↓
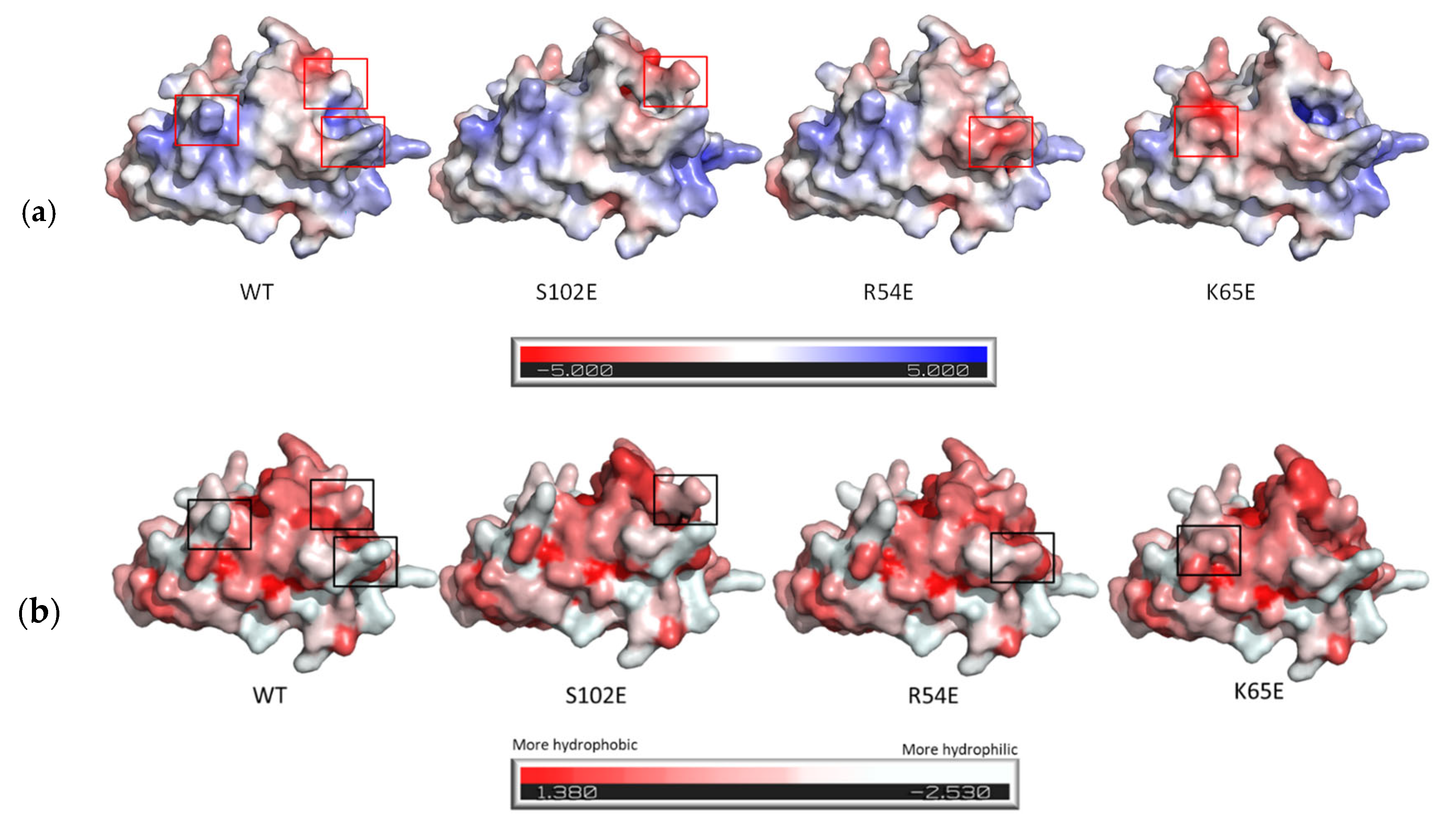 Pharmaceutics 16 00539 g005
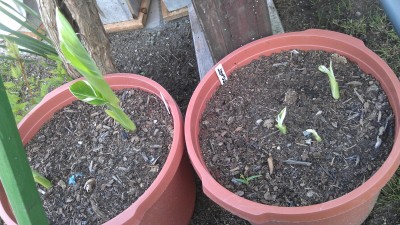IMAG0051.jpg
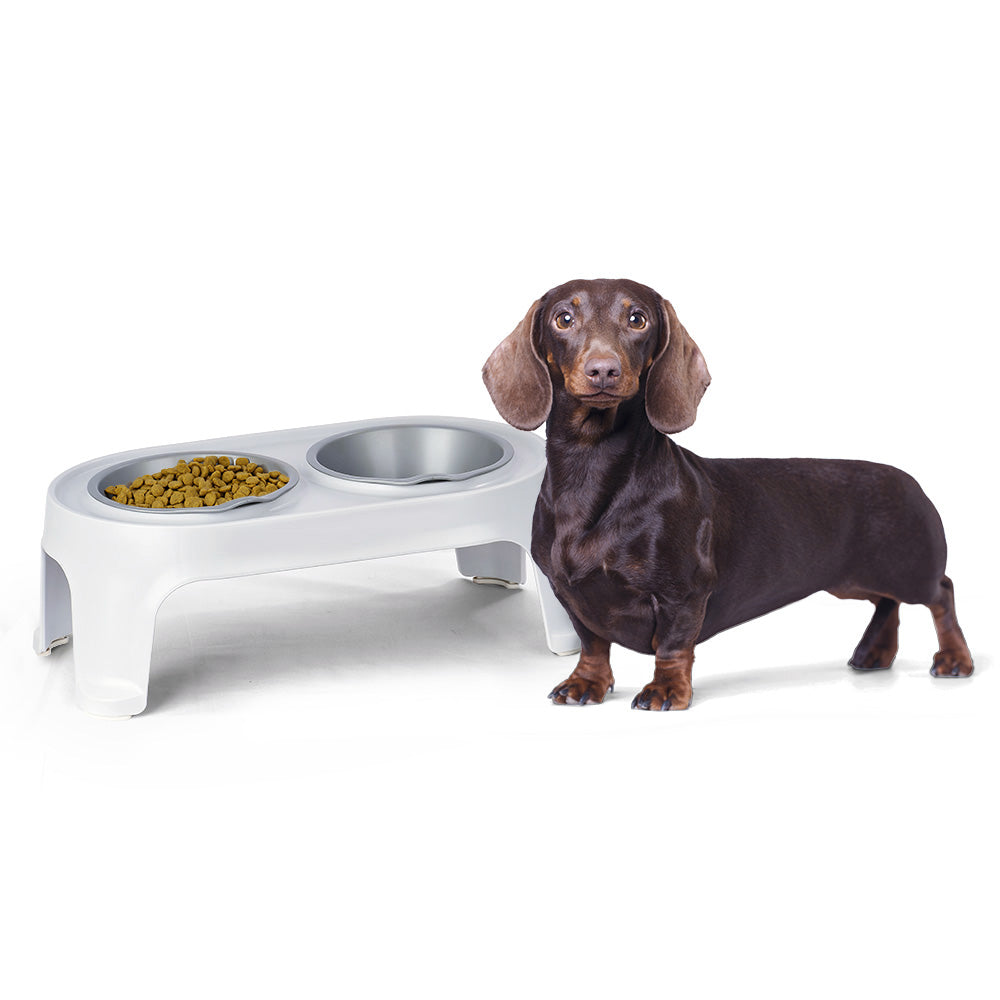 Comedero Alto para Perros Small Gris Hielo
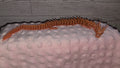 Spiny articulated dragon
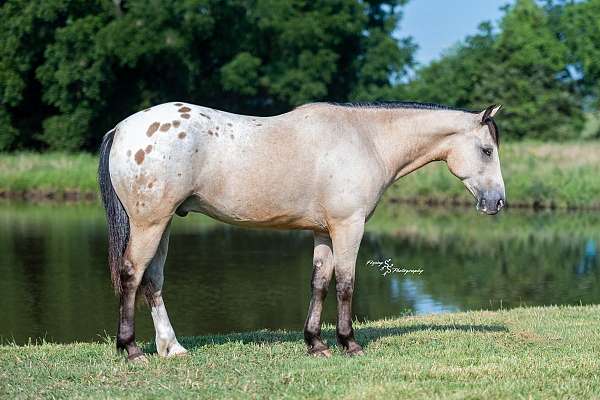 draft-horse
↑
**Problem statement:**
The lines from the one containing "IMAG0051.jpg" through the last line of the records are what you should copy, word for word and nothing else, with pictures left out.

**Final answer:**
IMAG0051.jpg
 Comedero Alto para Perros Small Gris Hielo
 Spiny articulated dragon
 draft-horse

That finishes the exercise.